> _TASK STATEMENT_: With the pictures omitted, output word for word the lines from the one containing "Школьники Санкт-Петербурга посетили" through the end of the records.

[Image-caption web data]
☆ ☆ ☆ ☆ ☆ ☆ ☆
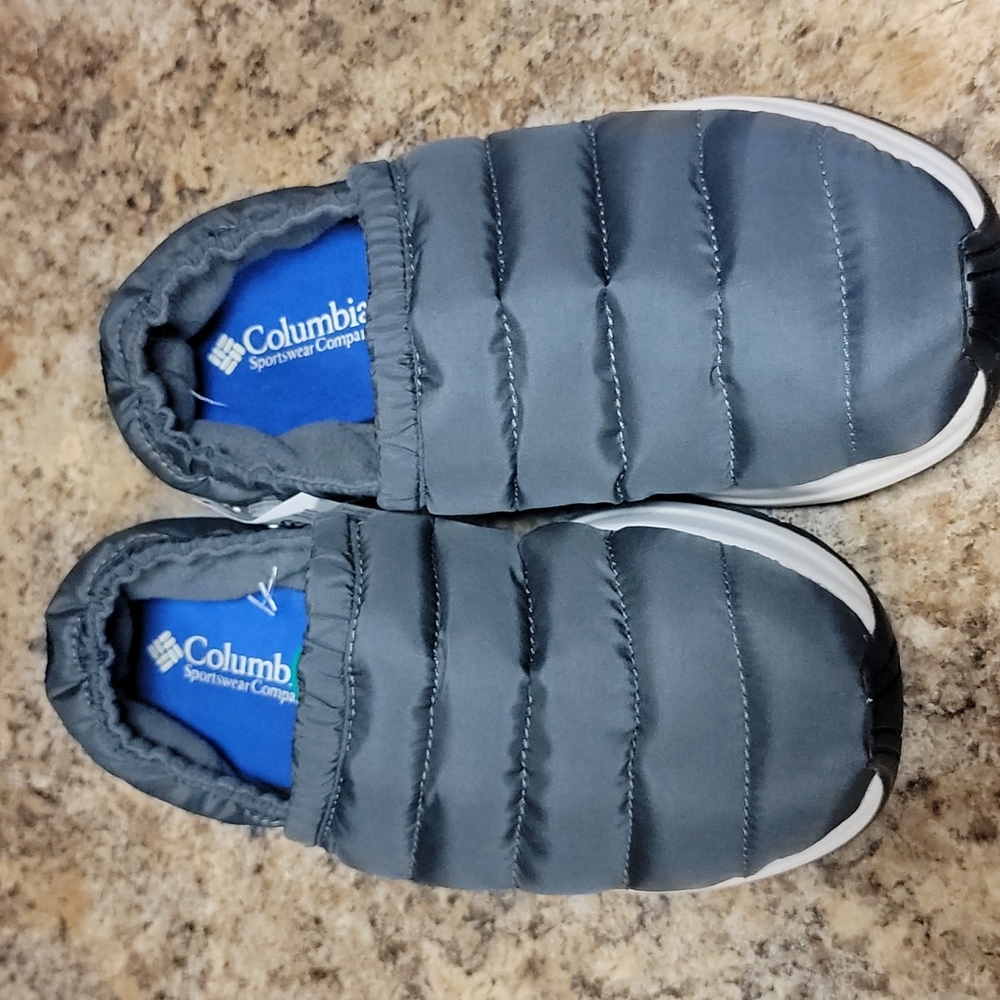 Ladies slip on shoes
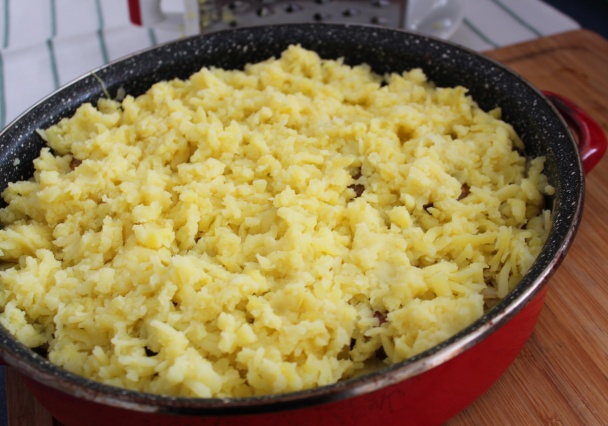 Zapekaná klobása s kyslou kapustou a so zemiakmi (fotorecept) - obrázok 4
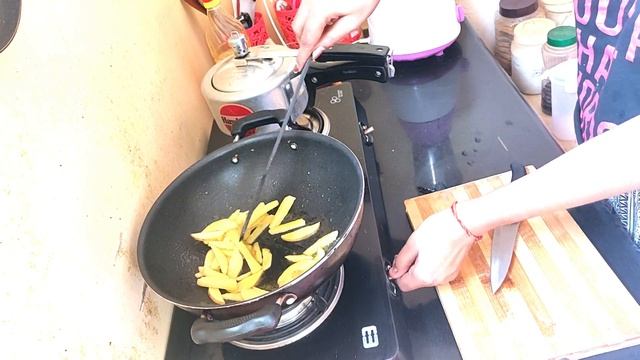 WHAT I EAT IN A DAY TO LOSE WEIGHT | INTERMITTENT FASTING | VEGETARIAN | INDIAN смотреть онлайн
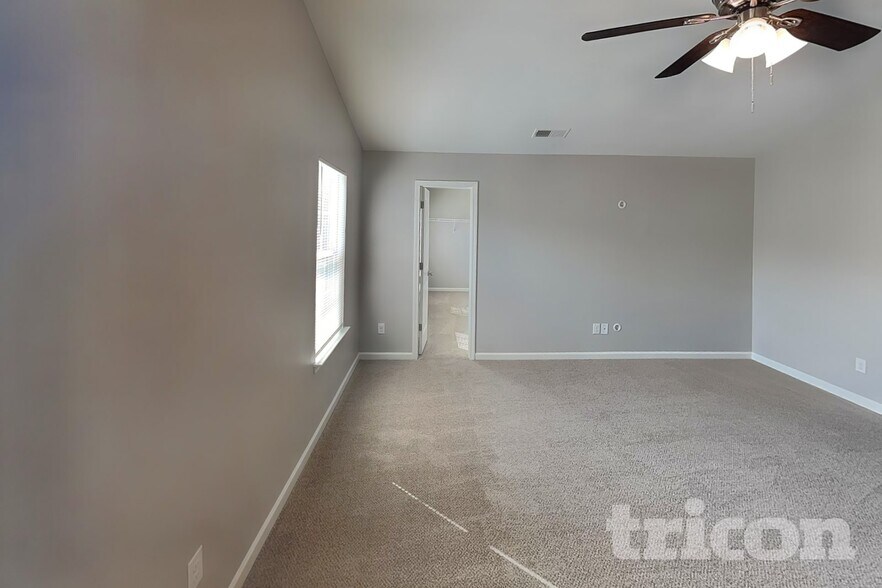 Building Photo - 152 King William Dr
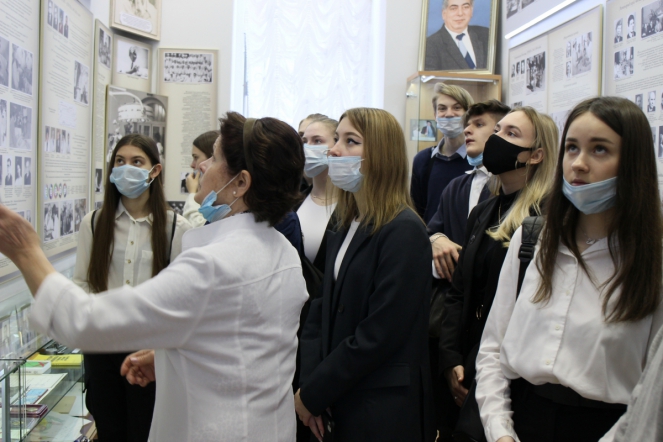 Школьники Санкт-Петербурга посетили СПбГПМУ 6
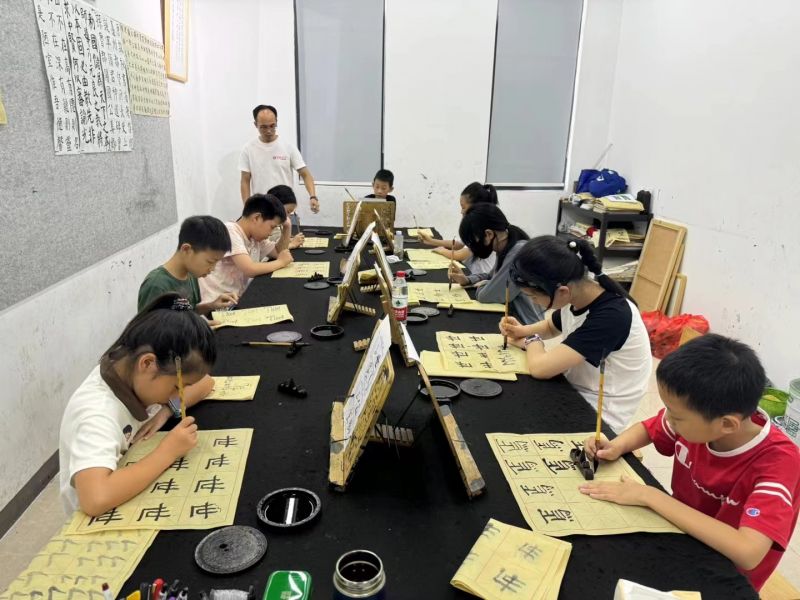 軟筆書(shū)法加盟-鋒格練字江蘇無(wú)錫宜興校區(qū)軟筆書(shū)法課堂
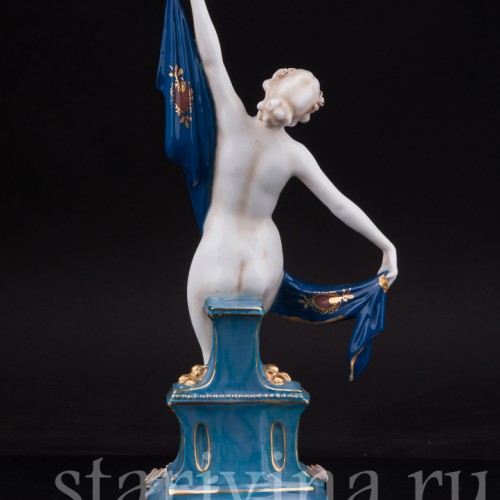 Фарфоровая статуэтка девушки Обнаженная с шалью, E. A. Muller, Германия, Кон 19, нач. 20 вв.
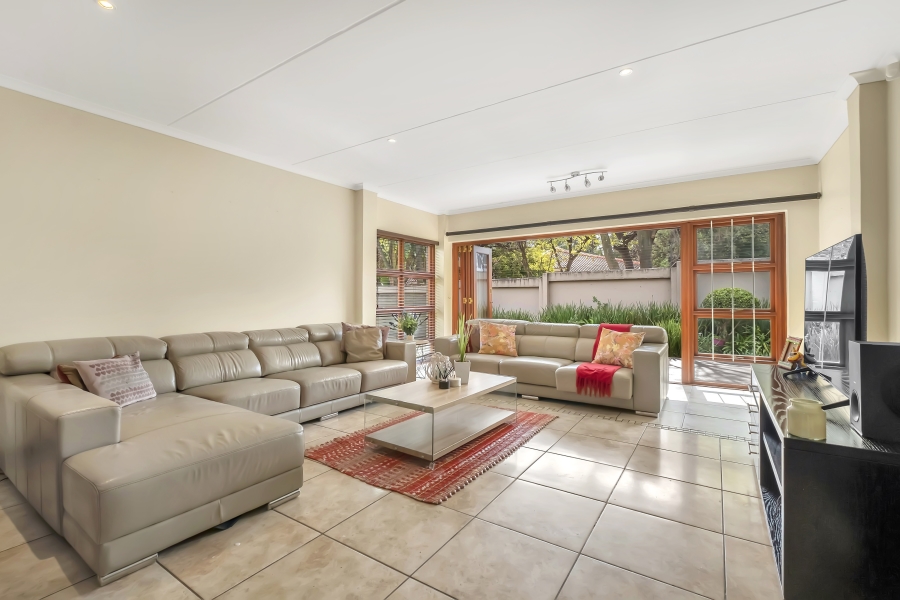 To Let 3 Bedroom Property for Rent in Bryanston Gauteng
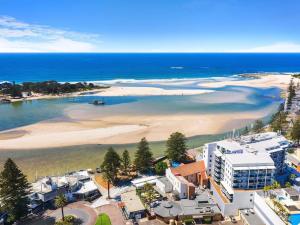 The Entrance Waterfront Apartment 621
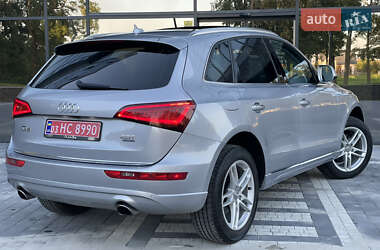Внедорожник / Кроссовер Audi Q5 2015 в 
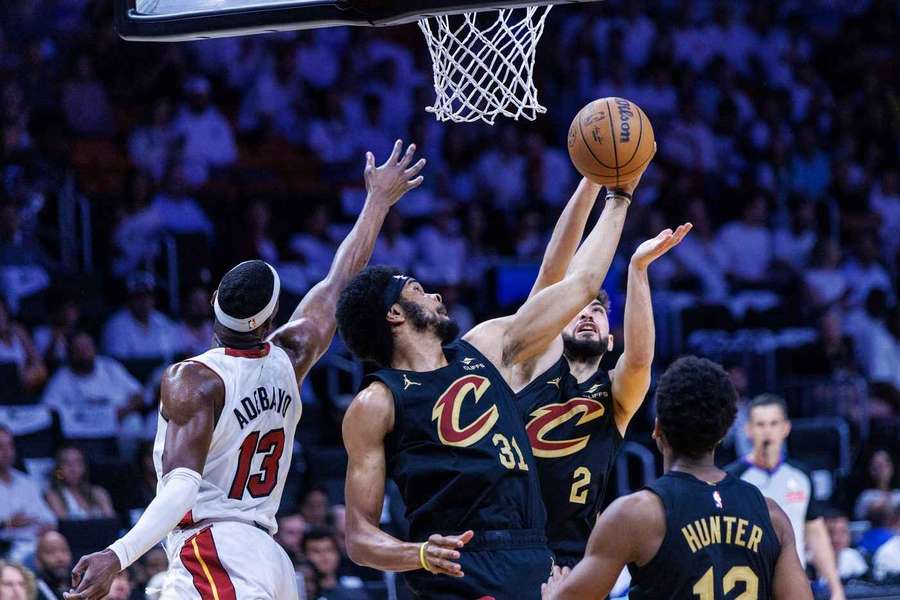 Cleveland Cavaliers już w drugiej rundzie play-off, Golden State Warriors – o krok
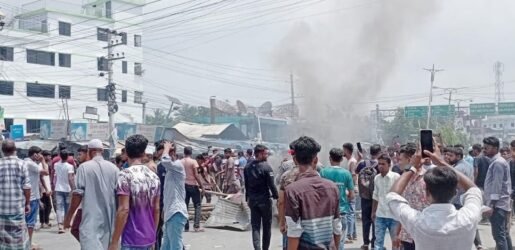 বগুড়ায় আন্দোলনকারীদের সাথে পুলিশের সংঘর্ষ, নিহত ২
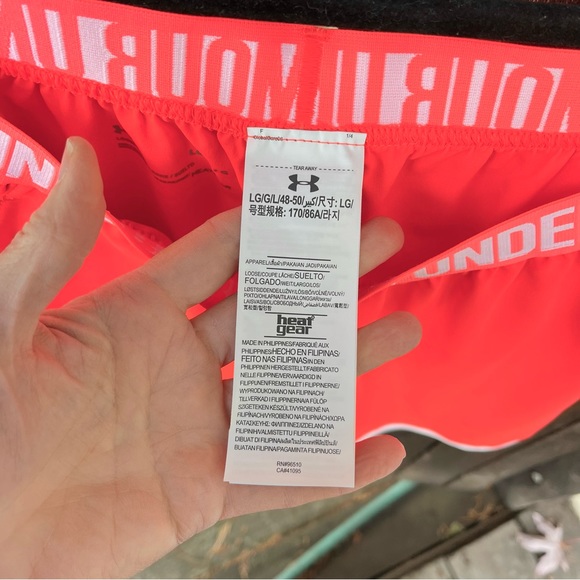 Under Armour Wm’s Woven Play Up Active Heat Gear Loose Running Shorts NWT Sz L - Picture 11 of 16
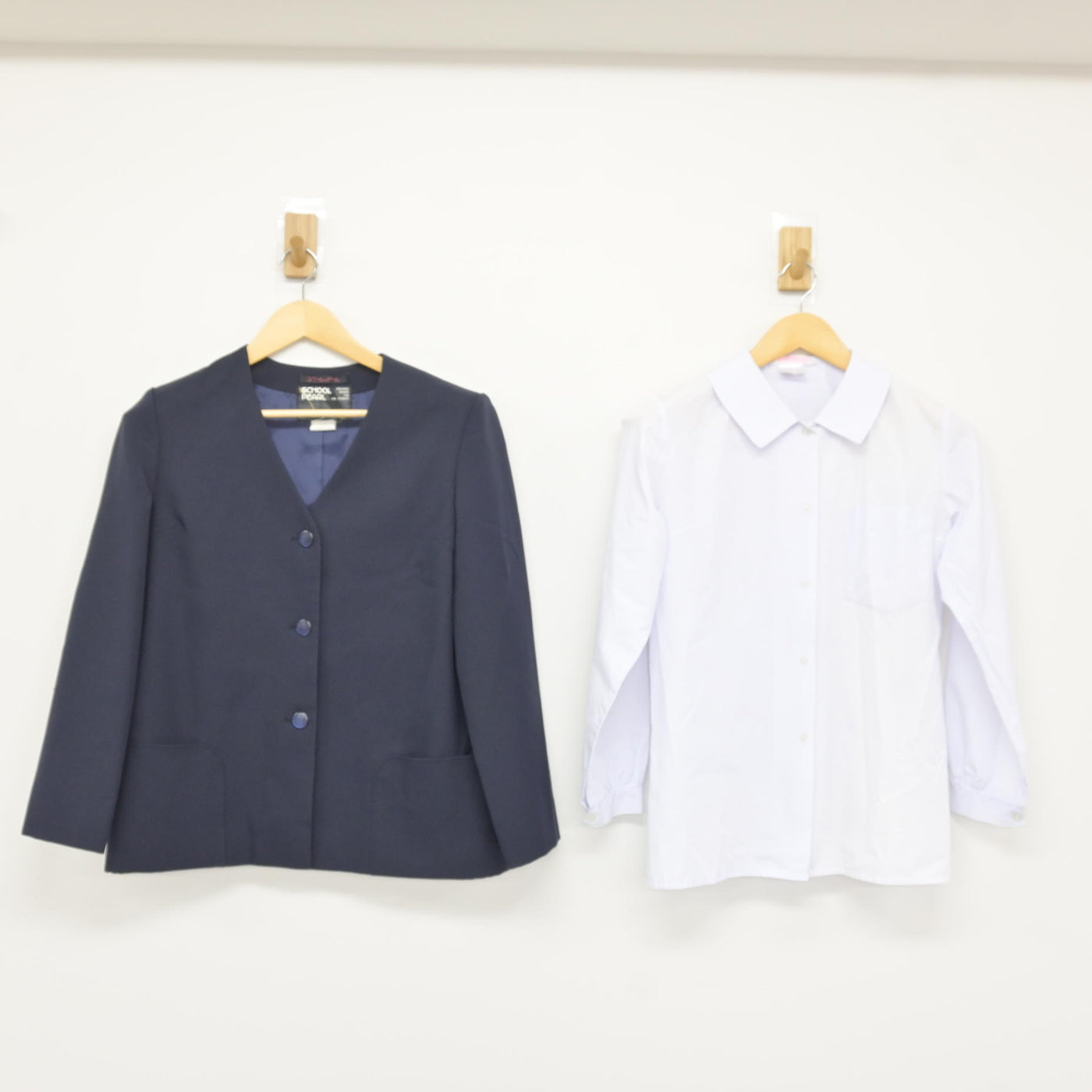 【中古】埼玉県 杉戸中学校 女子制服 2点 (ブレザー・シャツ) sf115098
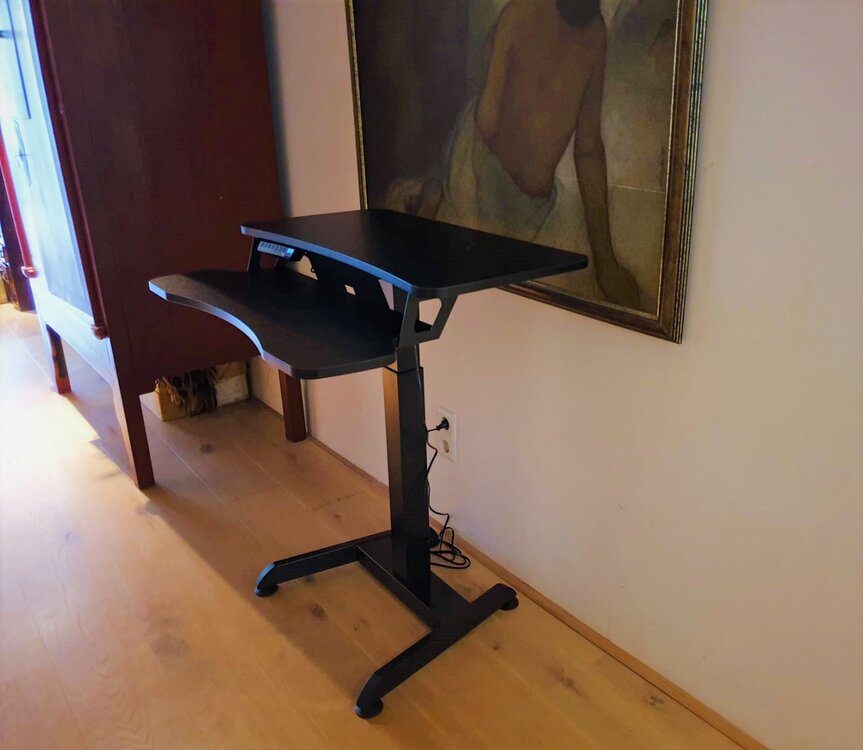 Updesk High H&ouml;henverstellbarer Schreibtisch | Worktrainer.de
☆ ☆ ☆ ☆ ☆ ☆ ☆
> _RESPONSE BELOW_:
 Школьники Санкт-Петербурга посетили СПбГПМУ 6
 軟筆書(shū)法加盟-鋒格練字江蘇無(wú)錫宜興校區(qū)軟筆書(shū)法課堂
 Фарфоровая статуэтка девушки Обнаженная с шалью, E. A. Muller, Германия, Кон 19, нач. 20 вв.
 To Let 3 Bedroom Property for Rent in Bryanston Gauteng
 The Entrance Waterfront Apartment 621
Внедорожник / Кроссовер Audi Q5 2015 в 
 Cleveland Cavaliers już w drugiej rundzie play-off, Golden State Warriors – o krok
 বগুড়ায় আন্দোলনকারীদের সাথে পুলিশের সংঘর্ষ, নিহত ২
 Under Armour Wm’s Woven Play Up Active Heat Gear Loose Running Shorts NWT Sz L - Picture 11 of 16
 【中古】埼玉県 杉戸中学校 女子制服 2点 (ブレザー・シャツ) sf115098
 Updesk High H&ouml;henverstellbarer Schreibtisch | Worktrainer.de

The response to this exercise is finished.